I have a curious conundrum, I have a list of data, (for this case) it may look something like:
- Company XXXXXXX
- YYYYYY Incorporated
- Comp ZZ Inc.
- Com AAA BB
- StackOverflow
- Stack Overflow
- (etc...)
I would like to incorporate a minimized version onto the end of a series of Worksheets in Excel, say something like this(Remember the max size of a tab is 31 characters):
- Planning Setup Sheet XXXXXXX
- Planning Setup Sheet YYYYYY
- Planning Setup Sheet ZZ
- Planning Setup Sheet AAA BB
- Planning Setup Sheet StackOver
- Planning Setup Sheet Stack Ove
Now this is easy to do by hand, but very difficult to accomplish in an automated fashion, how does one recognize what is important in a string vs what can be removed?

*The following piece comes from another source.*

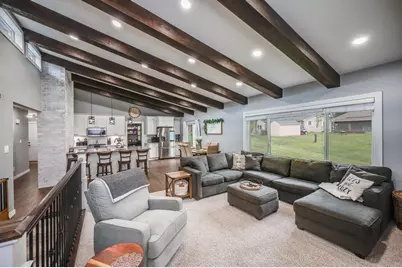 223 Oak Knoll Court, Blue Earth, MN 56013 - Photo 8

Clearly various characters and groupings of characters have varying levels of significance, how can one define that distribution and specific a cutoff?
This almost strikes me as something that would be a good candidate for a NLP type algorithm, or maybe generate a very large list and train a neural network to minimize strings, but I'd rather not overkill it, I would hope there'd be an easier way to go about this...
I feel as thought this is a classic problem, but I don't see any mention to it while googling around, typical solutions to similar problem usually revolve around just generating some random string. Maybe I'm searching with the wrong terms...
Does anyone have a easy way to minimize a string without losing is meaningfulness?